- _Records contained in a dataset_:
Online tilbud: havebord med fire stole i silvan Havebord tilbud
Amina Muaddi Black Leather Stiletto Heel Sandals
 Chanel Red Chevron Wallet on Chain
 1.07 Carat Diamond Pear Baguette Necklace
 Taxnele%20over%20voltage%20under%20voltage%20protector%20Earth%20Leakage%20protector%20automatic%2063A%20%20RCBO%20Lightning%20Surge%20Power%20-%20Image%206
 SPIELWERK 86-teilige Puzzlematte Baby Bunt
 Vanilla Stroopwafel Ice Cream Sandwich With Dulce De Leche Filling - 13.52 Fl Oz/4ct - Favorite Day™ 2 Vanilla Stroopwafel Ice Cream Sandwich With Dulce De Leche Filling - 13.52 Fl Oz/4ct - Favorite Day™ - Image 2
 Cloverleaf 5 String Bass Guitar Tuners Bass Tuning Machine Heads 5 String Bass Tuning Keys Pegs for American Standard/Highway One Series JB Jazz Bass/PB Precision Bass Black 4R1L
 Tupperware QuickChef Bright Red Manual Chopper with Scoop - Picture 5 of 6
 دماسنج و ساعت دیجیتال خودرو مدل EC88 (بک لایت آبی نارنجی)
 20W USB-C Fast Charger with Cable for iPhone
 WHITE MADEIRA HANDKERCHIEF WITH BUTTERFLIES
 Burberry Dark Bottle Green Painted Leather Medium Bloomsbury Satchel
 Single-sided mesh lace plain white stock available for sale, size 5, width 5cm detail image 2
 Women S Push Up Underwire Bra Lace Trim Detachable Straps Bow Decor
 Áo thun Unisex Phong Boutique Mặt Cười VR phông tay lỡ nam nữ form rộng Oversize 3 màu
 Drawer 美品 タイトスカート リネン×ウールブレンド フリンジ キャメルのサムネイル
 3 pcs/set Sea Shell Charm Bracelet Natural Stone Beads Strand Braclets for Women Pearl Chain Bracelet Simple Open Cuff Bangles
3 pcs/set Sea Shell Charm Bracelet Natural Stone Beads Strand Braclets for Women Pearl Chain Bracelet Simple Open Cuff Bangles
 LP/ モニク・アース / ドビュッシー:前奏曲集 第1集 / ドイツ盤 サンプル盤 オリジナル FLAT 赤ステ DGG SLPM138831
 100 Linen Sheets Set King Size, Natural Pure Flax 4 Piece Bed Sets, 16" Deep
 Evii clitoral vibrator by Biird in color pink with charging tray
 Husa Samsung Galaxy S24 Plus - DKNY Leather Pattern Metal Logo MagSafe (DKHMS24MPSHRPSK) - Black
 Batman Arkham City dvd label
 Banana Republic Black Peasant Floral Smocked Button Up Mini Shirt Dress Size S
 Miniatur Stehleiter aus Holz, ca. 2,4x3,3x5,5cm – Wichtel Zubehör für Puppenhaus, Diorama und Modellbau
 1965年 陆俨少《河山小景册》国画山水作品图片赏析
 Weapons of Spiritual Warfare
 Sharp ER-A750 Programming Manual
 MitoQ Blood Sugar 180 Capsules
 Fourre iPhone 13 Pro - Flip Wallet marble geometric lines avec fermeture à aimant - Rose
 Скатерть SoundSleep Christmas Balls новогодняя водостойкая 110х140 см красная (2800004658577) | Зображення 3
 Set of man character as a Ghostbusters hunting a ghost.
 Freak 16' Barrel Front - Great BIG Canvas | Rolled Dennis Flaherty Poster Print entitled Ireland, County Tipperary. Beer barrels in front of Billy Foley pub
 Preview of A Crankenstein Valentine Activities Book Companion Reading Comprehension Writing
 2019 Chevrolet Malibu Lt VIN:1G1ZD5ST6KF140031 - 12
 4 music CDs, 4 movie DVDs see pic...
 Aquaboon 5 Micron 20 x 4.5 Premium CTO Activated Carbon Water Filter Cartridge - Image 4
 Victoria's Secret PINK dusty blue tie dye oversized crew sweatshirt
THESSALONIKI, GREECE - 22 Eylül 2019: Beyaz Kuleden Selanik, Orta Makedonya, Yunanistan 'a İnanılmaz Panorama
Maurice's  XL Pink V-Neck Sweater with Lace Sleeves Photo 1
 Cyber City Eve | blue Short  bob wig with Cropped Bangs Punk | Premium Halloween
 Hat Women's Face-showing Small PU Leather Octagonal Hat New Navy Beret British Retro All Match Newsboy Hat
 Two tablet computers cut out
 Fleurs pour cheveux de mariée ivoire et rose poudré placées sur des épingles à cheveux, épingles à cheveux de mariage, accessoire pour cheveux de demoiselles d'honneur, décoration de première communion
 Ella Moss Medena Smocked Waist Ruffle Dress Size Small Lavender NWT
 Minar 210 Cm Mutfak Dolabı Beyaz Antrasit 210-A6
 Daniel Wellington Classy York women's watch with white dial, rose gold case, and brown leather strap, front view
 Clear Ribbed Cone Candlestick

- _Problem description_: Give back each entry above precisely as it was written.

- _Written answer_:
Online tilbud: havebord med fire stole i silvan Havebord tilbud
Amina Muaddi Black Leather Stiletto Heel Sandals
 Chanel Red Chevron Wallet on Chain
 1.07 Carat Diamond Pear Baguette Necklace
 Taxnele%20over%20voltage%20under%20voltage%20protector%20Earth%20Leakage%20protector%20automatic%2063A%20%20RCBO%20Lightning%20Surge%20Power%20-%20Image%206
 SPIELWERK 86-teilige Puzzlematte Baby Bunt
 Vanilla Stroopwafel Ice Cream Sandwich With Dulce De Leche Filling - 13.52 Fl Oz/4ct - Favorite Day™ 2 Vanilla Stroopwafel Ice Cream Sandwich With Dulce De Leche Filling - 13.52 Fl Oz/4ct - Favorite Day™ - Image 2
 Cloverleaf 5 String Bass Guitar Tuners Bass Tuning Machine Heads 5 String Bass Tuning Keys Pegs for American Standard/Highway One Series JB Jazz Bass/PB Precision Bass Black 4R1L
 Tupperware QuickChef Bright Red Manual Chopper with Scoop - Picture 5 of 6
 دماسنج و ساعت دیجیتال خودرو مدل EC88 (بک لایت آبی نارنجی)
 20W USB-C Fast Charger with Cable for iPhone
 WHITE MADEIRA HANDKERCHIEF WITH BUTTERFLIES
 Burberry Dark Bottle Green Painted Leather Medium Bloomsbury Satchel
 Single-sided mesh lace plain white stock available for sale, size 5, width 5cm detail image 2
 Women S Push Up Underwire Bra Lace Trim Detachable Straps Bow Decor
 Áo thun Unisex Phong Boutique Mặt Cười VR phông tay lỡ nam nữ form rộng Oversize 3 màu
 Drawer 美品 タイトスカート リネン×ウールブレンド フリンジ キャメルのサムネイル
 3 pcs/set Sea Shell Charm Bracelet Natural Stone Beads Strand Braclets for Women Pearl Chain Bracelet Simple Open Cuff Bangles
3 pcs/set Sea Shell Charm Bracelet Natural Stone Beads Strand Braclets for Women Pearl Chain Bracelet Simple Open Cuff Bangles
 LP/ モニク・アース / ドビュッシー:前奏曲集 第1集 / ドイツ盤 サンプル盤 オリジナル FLAT 赤ステ DGG SLPM138831
 100 Linen Sheets Set King Size, Natural Pure Flax 4 Piece Bed Sets, 16" Deep
 Evii clitoral vibrator by Biird in color pink with charging tray
 Husa Samsung Galaxy S24 Plus - DKNY Leather Pattern Metal Logo MagSafe (DKHMS24MPSHRPSK) - Black
 Batman Arkham City dvd label
 Banana Republic Black Peasant Floral Smocked Button Up Mini Shirt Dress Size S
 Miniatur Stehleiter aus Holz, ca. 2,4x3,3x5,5cm – Wichtel Zubehör für Puppenhaus, Diorama und Modellbau
 1965年 陆俨少《河山小景册》国画山水作品图片赏析
 Weapons of Spiritual Warfare
 Sharp ER-A750 Programming Manual
 MitoQ Blood Sugar 180 Capsules
 Fourre iPhone 13 Pro - Flip Wallet marble geometric lines avec fermeture à aimant - Rose
 Скатерть SoundSleep Christmas Balls новогодняя водостойкая 110х140 см красная (2800004658577) | Зображення 3
 Set of man character as a Ghostbusters hunting a ghost.
 Freak 16' Barrel Front - Great BIG Canvas | Rolled Dennis Flaherty Poster Print entitled Ireland, County Tipperary. Beer barrels in front of Billy Foley pub
 Preview of A Crankenstein Valentine Activities Book Companion Reading Comprehension Writing
 2019 Chevrolet Malibu Lt VIN:1G1ZD5ST6KF140031 - 12
 4 music CDs, 4 movie DVDs see pic...
 Aquaboon 5 Micron 20 x 4.5 Premium CTO Activated Carbon Water Filter Cartridge - Image 4
 Victoria's Secret PINK dusty blue tie dye oversized crew sweatshirt
THESSALONIKI, GREECE - 22 Eylül 2019: Beyaz Kuleden Selanik, Orta Makedonya, Yunanistan 'a İnanılmaz Panorama
Maurice's  XL Pink V-Neck Sweater with Lace Sleeves Photo 1
 Cyber City Eve | blue Short  bob wig with Cropped Bangs Punk | Premium Halloween
 Hat Women's Face-showing Small PU Leather Octagonal Hat New Navy Beret British Retro All Match Newsboy Hat
 Two tablet computers cut out
 Fleurs pour cheveux de mariée ivoire et rose poudré placées sur des épingles à cheveux, épingles à cheveux de mariage, accessoire pour cheveux de demoiselles d'honneur, décoration de première communion
 Ella Moss Medena Smocked Waist Ruffle Dress Size Small Lavender NWT
 Minar 210 Cm Mutfak Dolabı Beyaz Antrasit 210-A6
 Daniel Wellington Classy York women's watch with white dial, rose gold case, and brown leather strap, front view
 Clear Ribbed Cone Candlestick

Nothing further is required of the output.